(Information provided)
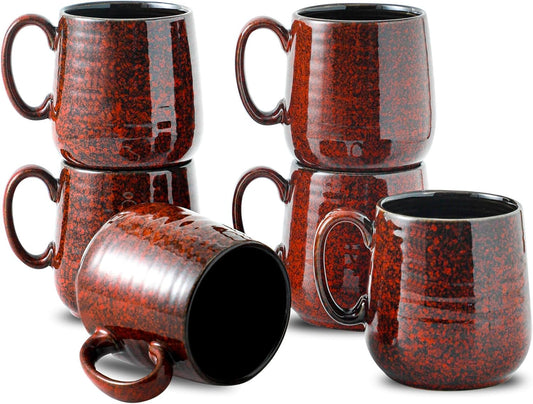 Hasense Coffee Mugs 8 oz, Ceramic Small Espresso Cups Set of 6, Mini Cups with Handle for Coffee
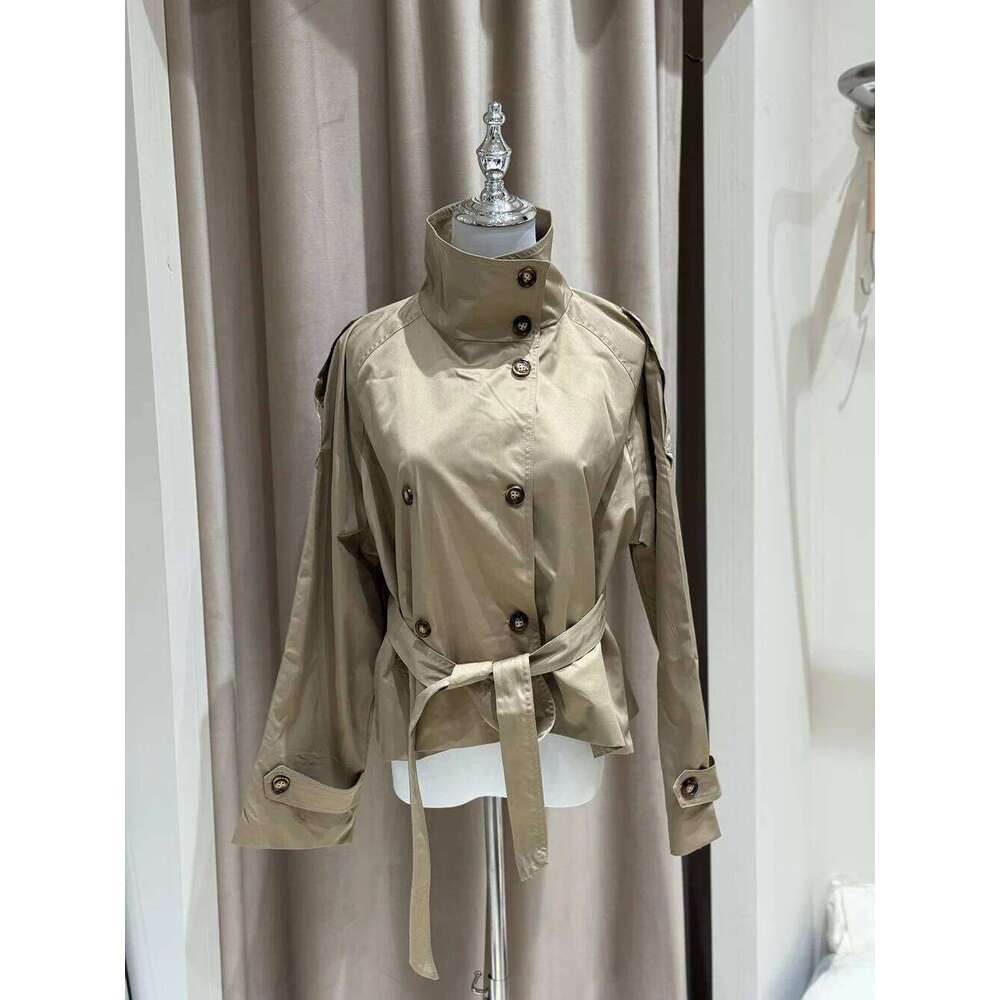 Mardi Hefxessdr Belted Waist Cropped Trench Jacets Double Breasted Stand Collar Coats Autumn Chic Casual Vintae Jacet Women Cloth
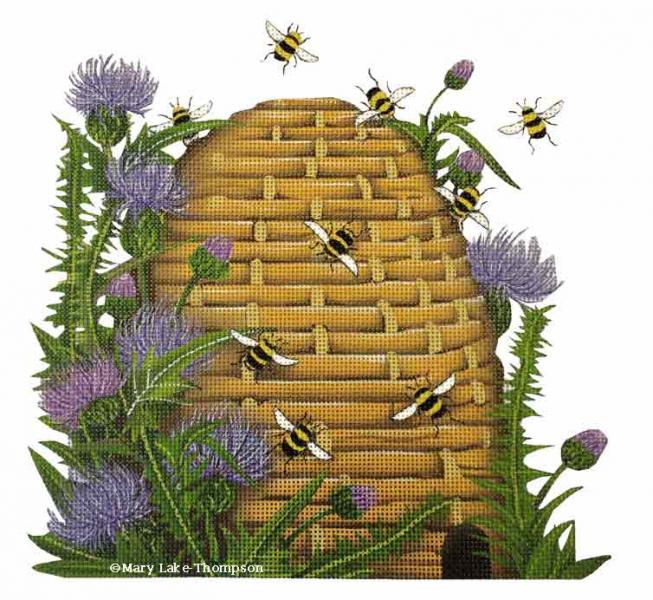 click here to view larger image of Thistle Bee-Hive (hand painted canvases)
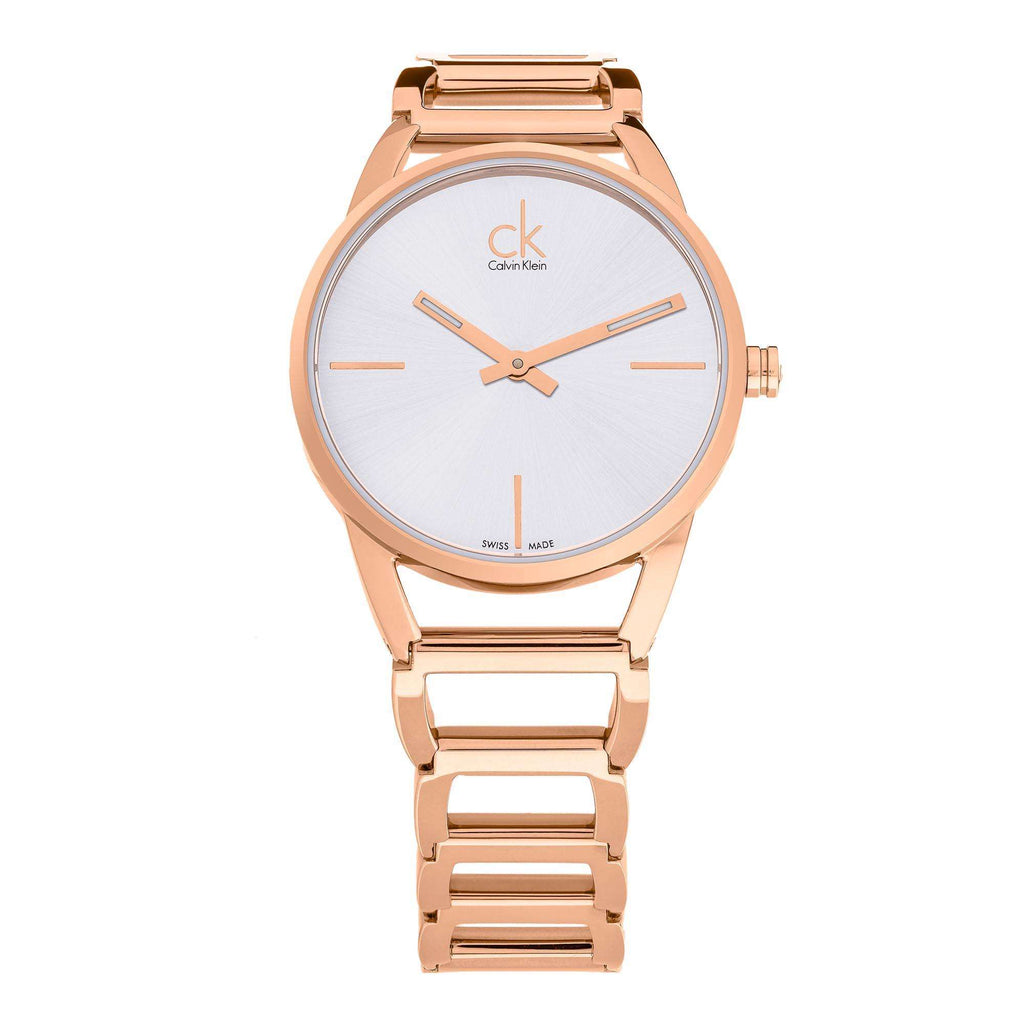 Calvin Klein Stately White Dial Rose Gold Steel Strap Watch for Women - K3G23626 Buy Now By Calvin Klein
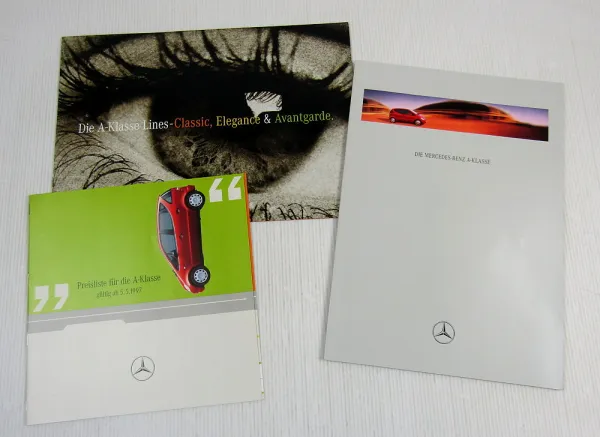 3 Prospekte Mercedes Benz A-Klasse A140 A160 + Turbodiesel + Preisliste ab 5/97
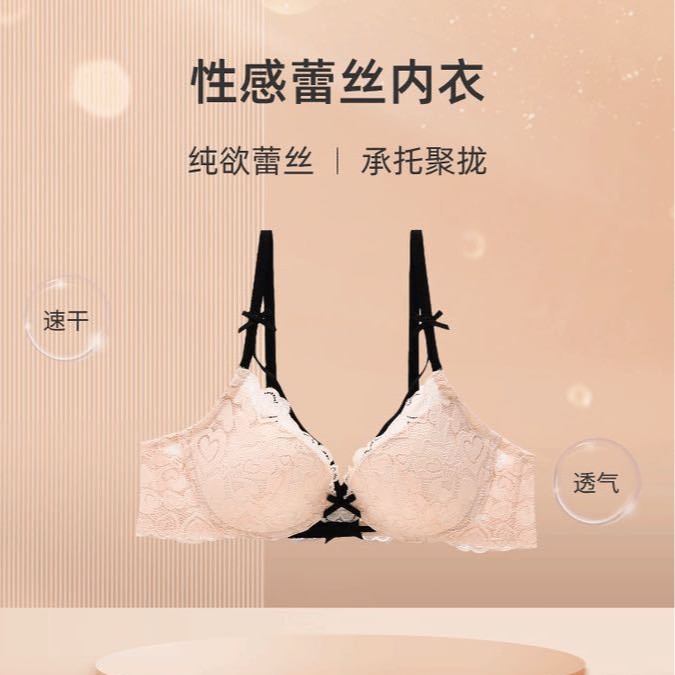 Ventas directas de fábrica comercio electrónico transfronterizo Sudeste de Asia Vietnam Tailandia damas burbujas encaje pecho pequeño recogido sujetador Tovin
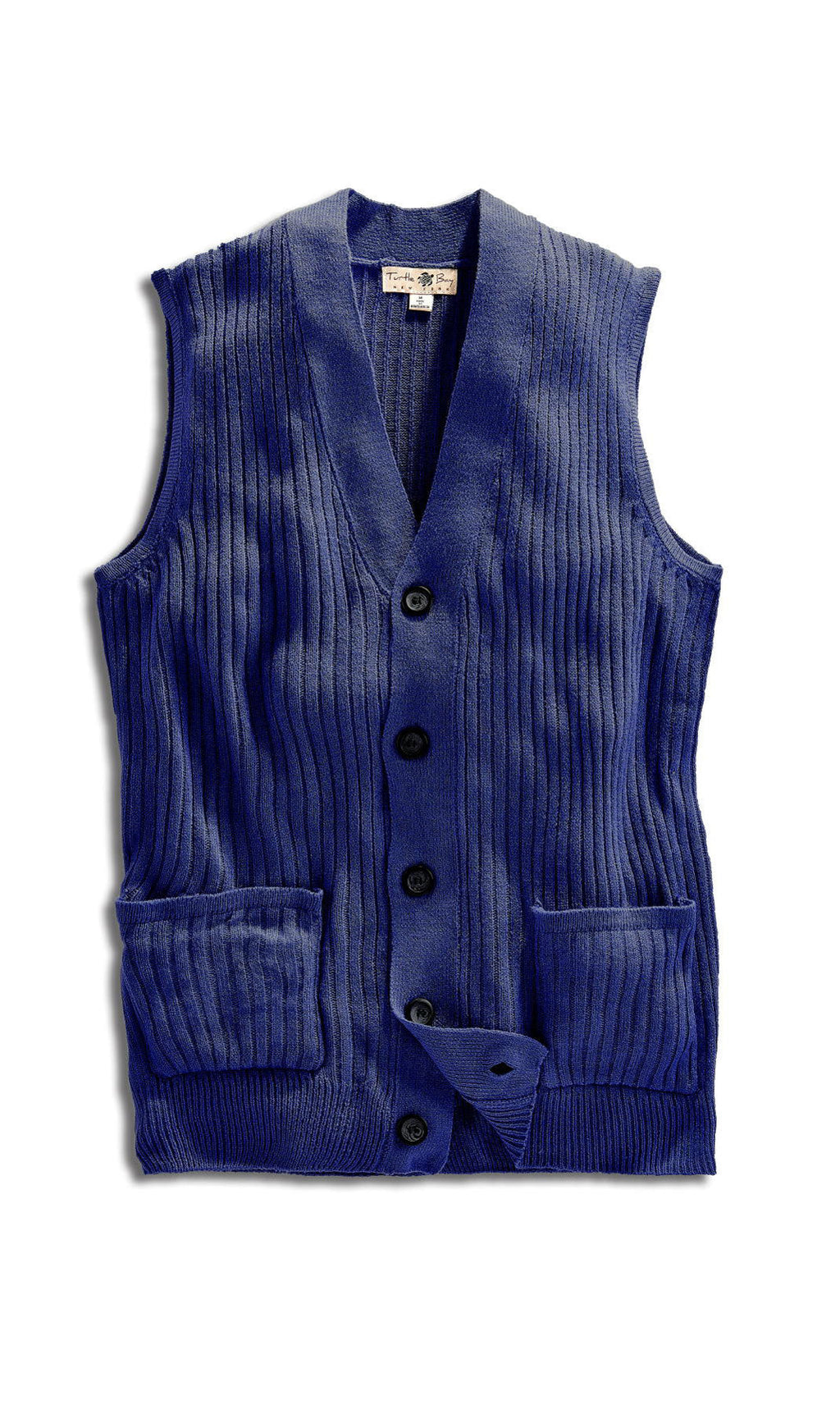Men's Button Front Rib Knit Sweater Vest with Pockets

(Aim of the exercise)
Take the records above and transcribe them exactly, dropping every picture.

(Task result)
 Hasense Coffee Mugs 8 oz, Ceramic Small Espresso Cups Set of 6, Mini Cups with Handle for Coffee
 Mardi Hefxessdr Belted Waist Cropped Trench Jacets Double Breasted Stand Collar Coats Autumn Chic Casual Vintae Jacet Women Cloth
 click here to view larger image of Thistle Bee-Hive (hand painted canvases)
 Calvin Klein Stately White Dial Rose Gold Steel Strap Watch for Women - K3G23626 Buy Now By Calvin Klein
 3 Prospekte Mercedes Benz A-Klasse A140 A160 + Turbodiesel + Preisliste ab 5/97
 Ventas directas de fábrica comercio electrónico transfronterizo Sudeste de Asia Vietnam Tailandia damas burbujas encaje pecho pequeño recogido sujetador Tovin
Men's Button Front Rib Knit Sweater Vest with Pockets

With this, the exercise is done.